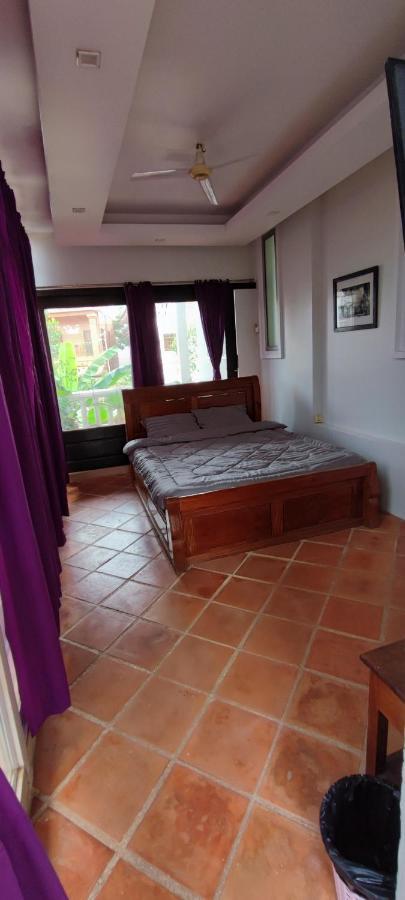 Secret Garden Homestay Siem Reap Exterior photo
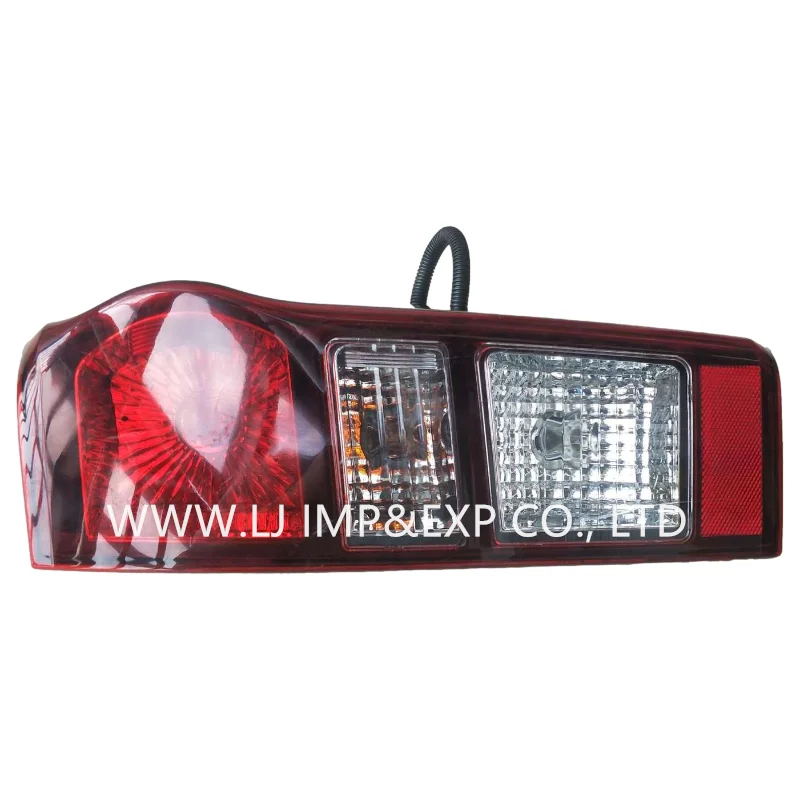 High-Quality Isuzu D-Max Tail Lamp Replacement RH 8982330922 for
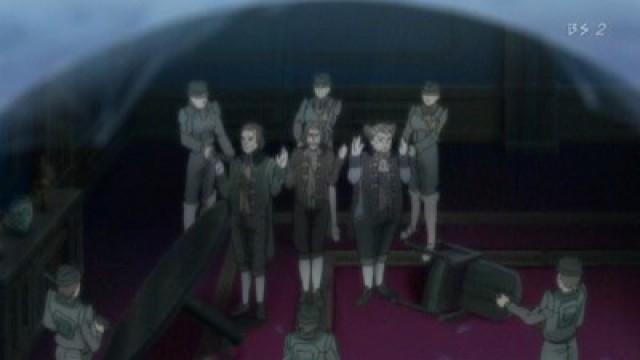 Storming the Ryutehhi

= = =

__PROBLEM__
Drop the images; restate the listing exactly.

__TASK SOLUTION__
 Secret Garden Homestay Siem Reap Exterior photo
 High-Quality Isuzu D-Max Tail Lamp Replacement RH 8982330922 for
 Storming the Ryutehhi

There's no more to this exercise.